• _Problem statement_: Only the lines running from the line with "liveBPM - Beat Detector screenshot" to the end of the listing below should be copied, exactly, without pictures.

• _Supplied data_:
=-=-=-=-=

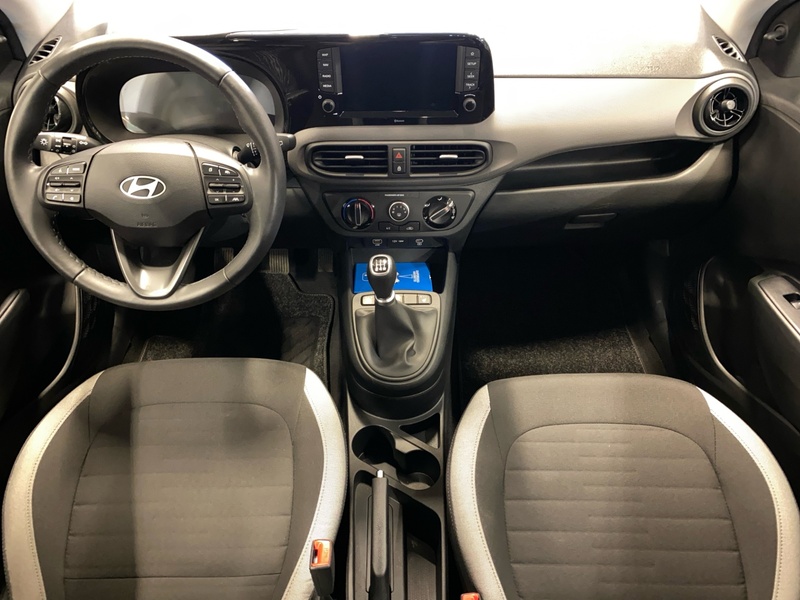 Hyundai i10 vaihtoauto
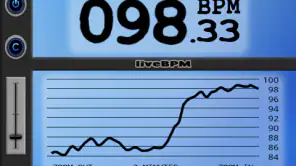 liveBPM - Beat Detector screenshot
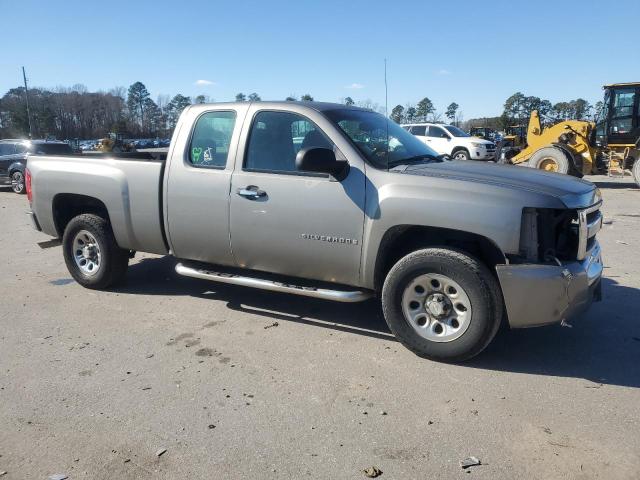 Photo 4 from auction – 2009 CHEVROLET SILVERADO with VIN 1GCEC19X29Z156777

=-=-=-=-=

• _Answer box_:
 liveBPM - Beat Detector screenshot
 Photo 4 from auction – 2009 CHEVROLET SILVERADO with VIN 1GCEC19X29Z156777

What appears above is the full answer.